Tuesday, September 18, 2007

Meaningful Work

Work is at the very heart of contemporary life for most people, providing financial security, personal identity, and an opportunity to make a meaningful contribution to community life. The right to meaningful, productive work is a basic human need. Employment provides five factors that promote mental health: time structure, social contact and affiliation, collective effort and purpose, social and personal identity, and regular activity. The absence of these crucial factors puts any individual's psychological well being at risk -- whether or not they suffer from a persistent mental illness.

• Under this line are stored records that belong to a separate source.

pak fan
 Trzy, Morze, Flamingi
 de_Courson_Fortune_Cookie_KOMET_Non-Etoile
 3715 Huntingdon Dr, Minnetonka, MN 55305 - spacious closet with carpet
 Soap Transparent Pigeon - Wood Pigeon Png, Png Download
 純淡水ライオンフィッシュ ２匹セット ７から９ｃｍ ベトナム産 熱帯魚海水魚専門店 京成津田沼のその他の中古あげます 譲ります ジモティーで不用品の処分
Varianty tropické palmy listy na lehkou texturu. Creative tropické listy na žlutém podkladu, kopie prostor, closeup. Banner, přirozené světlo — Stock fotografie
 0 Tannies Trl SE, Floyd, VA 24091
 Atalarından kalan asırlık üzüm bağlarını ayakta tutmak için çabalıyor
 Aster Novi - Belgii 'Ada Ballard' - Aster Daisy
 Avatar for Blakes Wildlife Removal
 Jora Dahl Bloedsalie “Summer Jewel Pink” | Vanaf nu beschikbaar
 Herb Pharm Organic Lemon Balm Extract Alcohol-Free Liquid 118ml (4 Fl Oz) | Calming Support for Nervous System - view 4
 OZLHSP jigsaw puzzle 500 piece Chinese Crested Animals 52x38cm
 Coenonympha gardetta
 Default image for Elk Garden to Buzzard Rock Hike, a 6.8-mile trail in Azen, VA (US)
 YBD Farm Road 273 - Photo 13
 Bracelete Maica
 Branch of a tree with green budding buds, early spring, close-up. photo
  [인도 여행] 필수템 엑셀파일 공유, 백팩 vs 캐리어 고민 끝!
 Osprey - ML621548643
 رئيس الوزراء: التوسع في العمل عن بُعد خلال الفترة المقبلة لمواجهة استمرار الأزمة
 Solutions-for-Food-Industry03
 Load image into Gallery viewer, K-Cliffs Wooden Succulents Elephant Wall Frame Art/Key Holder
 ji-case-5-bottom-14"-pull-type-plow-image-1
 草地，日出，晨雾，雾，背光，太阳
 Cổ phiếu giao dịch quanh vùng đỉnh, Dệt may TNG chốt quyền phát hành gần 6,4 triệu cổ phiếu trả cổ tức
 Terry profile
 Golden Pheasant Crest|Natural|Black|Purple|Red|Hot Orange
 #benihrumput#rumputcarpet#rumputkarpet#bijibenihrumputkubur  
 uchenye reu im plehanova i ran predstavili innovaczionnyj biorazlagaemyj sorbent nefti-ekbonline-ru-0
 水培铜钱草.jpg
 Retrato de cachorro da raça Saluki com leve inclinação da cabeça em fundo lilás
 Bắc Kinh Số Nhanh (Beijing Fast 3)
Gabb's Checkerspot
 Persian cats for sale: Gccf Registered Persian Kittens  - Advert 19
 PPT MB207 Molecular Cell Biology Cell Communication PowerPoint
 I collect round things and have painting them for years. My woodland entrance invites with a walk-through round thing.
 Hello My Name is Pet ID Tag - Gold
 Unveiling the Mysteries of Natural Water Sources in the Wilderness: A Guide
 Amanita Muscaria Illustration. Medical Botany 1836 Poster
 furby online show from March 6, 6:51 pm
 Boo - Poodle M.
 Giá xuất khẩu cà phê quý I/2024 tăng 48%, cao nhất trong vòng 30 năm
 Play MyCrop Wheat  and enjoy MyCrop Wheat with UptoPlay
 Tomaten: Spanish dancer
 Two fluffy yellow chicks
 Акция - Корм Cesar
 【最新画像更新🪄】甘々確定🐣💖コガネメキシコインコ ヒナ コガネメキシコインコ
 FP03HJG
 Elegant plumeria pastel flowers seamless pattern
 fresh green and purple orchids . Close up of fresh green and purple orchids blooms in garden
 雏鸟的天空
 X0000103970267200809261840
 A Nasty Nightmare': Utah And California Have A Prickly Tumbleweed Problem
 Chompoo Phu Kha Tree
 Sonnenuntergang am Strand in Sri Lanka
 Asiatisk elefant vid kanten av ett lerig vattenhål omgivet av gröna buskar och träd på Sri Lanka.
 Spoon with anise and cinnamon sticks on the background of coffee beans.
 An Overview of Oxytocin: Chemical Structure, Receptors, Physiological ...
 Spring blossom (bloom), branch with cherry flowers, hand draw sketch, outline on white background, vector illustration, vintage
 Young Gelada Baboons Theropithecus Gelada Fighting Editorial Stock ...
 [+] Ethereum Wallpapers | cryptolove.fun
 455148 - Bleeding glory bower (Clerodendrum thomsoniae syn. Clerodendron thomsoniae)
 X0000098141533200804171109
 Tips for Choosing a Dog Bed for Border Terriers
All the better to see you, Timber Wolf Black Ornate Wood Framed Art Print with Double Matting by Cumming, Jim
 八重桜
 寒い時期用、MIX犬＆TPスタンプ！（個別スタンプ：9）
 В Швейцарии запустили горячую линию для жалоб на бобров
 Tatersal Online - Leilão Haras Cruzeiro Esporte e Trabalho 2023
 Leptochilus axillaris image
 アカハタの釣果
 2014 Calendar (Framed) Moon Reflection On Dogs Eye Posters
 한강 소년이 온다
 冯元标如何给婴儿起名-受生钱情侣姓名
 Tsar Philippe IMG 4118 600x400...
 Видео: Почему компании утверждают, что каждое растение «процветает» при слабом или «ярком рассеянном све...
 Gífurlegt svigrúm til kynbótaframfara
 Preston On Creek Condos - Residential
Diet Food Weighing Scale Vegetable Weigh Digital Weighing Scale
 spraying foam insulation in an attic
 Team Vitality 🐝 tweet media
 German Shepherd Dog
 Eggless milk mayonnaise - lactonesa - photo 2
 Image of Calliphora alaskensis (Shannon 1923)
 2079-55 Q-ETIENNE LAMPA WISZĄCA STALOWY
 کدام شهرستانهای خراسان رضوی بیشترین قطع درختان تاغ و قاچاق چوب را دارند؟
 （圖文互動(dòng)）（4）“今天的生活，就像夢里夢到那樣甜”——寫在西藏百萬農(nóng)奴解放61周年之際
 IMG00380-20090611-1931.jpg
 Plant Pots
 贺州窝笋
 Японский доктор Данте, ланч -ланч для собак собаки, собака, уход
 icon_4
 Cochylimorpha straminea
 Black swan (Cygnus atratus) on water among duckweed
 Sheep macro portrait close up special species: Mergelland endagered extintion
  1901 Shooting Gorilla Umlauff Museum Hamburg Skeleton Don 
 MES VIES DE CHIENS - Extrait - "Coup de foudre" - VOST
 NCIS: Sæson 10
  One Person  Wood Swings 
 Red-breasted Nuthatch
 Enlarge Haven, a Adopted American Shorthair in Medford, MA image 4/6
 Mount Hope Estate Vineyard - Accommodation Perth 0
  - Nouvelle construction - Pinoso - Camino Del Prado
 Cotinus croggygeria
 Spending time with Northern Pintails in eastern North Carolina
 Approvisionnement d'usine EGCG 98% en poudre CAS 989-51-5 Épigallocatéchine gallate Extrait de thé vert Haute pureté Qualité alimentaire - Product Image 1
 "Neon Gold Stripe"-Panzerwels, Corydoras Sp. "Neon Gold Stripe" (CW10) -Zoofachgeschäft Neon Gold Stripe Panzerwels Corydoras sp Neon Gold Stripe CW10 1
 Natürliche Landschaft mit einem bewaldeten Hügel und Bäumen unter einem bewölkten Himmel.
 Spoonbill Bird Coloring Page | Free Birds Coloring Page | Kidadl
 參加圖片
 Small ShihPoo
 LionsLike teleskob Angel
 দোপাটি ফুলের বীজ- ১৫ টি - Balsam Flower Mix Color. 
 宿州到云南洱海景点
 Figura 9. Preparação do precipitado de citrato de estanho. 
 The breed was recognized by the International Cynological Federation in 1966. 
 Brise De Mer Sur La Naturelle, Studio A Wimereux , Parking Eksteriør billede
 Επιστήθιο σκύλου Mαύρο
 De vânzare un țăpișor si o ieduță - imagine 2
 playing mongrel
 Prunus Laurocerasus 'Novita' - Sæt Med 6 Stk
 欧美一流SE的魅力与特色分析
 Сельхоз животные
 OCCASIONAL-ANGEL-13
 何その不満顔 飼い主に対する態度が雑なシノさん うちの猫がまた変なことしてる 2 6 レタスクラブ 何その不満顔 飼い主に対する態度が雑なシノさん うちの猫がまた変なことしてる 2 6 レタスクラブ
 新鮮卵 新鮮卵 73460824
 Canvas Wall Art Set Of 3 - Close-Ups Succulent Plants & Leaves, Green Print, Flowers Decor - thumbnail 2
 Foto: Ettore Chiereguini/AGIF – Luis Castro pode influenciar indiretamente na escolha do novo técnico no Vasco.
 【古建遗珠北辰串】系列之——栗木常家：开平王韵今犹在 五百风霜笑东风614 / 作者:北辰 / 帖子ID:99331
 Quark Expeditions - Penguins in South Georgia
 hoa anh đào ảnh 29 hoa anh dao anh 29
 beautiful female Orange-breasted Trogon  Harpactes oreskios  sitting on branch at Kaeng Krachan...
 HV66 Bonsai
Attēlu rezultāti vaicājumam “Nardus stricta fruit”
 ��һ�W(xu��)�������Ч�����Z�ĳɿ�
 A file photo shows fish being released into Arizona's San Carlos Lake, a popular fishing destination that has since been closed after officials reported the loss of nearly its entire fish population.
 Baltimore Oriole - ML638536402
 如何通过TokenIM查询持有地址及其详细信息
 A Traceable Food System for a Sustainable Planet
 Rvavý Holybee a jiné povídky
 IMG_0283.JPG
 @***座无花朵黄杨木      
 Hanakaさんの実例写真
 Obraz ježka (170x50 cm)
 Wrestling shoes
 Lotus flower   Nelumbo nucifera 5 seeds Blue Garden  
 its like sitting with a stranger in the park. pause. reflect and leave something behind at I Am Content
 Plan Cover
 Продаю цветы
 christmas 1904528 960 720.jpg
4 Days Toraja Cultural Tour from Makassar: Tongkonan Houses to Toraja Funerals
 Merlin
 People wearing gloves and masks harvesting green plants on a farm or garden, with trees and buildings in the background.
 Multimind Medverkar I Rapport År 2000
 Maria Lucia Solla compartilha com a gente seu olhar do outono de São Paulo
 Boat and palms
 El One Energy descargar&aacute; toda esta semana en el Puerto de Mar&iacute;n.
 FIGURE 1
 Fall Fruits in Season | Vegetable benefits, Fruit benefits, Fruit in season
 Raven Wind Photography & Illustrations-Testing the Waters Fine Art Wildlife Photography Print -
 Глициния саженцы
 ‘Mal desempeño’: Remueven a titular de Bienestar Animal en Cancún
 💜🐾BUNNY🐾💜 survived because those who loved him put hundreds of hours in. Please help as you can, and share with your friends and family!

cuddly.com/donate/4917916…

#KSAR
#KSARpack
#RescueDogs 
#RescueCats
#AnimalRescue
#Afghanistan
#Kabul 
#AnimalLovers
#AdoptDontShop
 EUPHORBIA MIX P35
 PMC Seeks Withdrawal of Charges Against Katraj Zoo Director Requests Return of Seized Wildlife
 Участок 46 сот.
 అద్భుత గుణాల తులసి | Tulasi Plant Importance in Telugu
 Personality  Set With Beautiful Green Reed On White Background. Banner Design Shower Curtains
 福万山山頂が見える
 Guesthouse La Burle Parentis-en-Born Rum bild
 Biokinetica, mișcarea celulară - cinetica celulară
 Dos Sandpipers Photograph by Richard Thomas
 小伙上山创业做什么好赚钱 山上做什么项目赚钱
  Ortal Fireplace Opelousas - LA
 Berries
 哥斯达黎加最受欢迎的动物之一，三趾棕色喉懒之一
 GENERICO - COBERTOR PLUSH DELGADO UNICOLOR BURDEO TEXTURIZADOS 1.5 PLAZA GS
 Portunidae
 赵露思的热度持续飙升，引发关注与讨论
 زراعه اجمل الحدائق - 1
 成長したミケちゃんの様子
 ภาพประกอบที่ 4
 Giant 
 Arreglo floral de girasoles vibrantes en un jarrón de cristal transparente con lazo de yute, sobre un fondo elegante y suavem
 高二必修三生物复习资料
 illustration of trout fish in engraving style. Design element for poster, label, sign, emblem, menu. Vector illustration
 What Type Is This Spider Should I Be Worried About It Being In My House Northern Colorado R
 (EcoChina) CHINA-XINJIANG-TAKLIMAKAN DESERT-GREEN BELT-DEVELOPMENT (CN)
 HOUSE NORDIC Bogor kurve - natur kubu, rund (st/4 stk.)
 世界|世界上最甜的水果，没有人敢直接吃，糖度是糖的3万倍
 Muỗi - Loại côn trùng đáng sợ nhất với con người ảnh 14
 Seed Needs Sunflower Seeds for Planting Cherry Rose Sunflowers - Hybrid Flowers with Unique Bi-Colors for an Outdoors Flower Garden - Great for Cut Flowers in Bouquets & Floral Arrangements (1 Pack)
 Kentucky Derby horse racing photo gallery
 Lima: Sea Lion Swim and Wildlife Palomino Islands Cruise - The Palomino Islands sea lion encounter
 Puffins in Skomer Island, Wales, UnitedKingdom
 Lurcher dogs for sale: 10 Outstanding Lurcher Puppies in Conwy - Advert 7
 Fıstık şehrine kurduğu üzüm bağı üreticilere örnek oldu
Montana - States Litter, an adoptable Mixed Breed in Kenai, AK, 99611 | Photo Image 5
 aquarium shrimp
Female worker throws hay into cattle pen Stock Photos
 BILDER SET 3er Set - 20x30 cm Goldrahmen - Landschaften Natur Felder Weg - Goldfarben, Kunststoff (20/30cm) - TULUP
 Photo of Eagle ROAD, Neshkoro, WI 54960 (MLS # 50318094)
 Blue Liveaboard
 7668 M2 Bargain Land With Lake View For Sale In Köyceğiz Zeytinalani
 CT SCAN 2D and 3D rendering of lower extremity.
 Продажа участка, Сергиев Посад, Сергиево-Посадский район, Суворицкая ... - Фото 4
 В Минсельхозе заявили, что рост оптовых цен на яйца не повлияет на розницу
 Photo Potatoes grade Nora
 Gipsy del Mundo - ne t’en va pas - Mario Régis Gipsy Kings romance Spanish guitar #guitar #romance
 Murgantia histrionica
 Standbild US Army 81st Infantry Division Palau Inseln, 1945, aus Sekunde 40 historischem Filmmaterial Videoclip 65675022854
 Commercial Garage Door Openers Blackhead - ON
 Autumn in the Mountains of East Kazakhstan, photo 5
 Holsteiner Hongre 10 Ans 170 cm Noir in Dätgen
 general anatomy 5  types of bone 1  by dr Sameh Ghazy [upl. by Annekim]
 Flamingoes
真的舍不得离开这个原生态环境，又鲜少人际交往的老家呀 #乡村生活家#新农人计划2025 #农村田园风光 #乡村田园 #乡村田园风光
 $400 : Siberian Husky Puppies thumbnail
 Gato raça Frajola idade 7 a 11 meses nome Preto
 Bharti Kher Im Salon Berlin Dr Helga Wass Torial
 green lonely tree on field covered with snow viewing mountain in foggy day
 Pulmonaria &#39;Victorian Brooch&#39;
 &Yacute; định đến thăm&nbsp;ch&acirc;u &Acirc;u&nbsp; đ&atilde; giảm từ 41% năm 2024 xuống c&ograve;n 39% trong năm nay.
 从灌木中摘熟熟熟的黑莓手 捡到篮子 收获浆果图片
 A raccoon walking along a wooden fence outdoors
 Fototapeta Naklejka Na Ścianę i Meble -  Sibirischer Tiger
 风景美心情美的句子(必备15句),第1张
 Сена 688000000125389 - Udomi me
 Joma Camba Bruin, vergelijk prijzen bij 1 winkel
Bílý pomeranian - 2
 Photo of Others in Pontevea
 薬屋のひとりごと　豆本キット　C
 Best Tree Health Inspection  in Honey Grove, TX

However, for people with persistent mental illnesses such as bipolar disorder, major depressive disorder, or schizophrenia, attaining this right is extremely challenging. It has been estimated that the unemployment rate among those with persistent mental illnesses is an astonishing 90% -- far higher than the 50% unemployment rate among individuals with physical or sensorial disabilities. In other words, only 10% of individuals with persistent mental illness who want to work and have been judged able to work are working. Mental illness hits more human lives and gives rise to a greater waste of human resources than all other forms of disability.

Research has shown that "normal" employed individuals who become unemployed are at more than twice the risk of suffering from major depression.

And by work, I don't mean sorting cardboard or crushing aluminium cans in some workshop, though that is better than nothing. I think unemployment is the reason suicide rates are so high on reservations and also amongst mental health "clients" who see no purpose in life.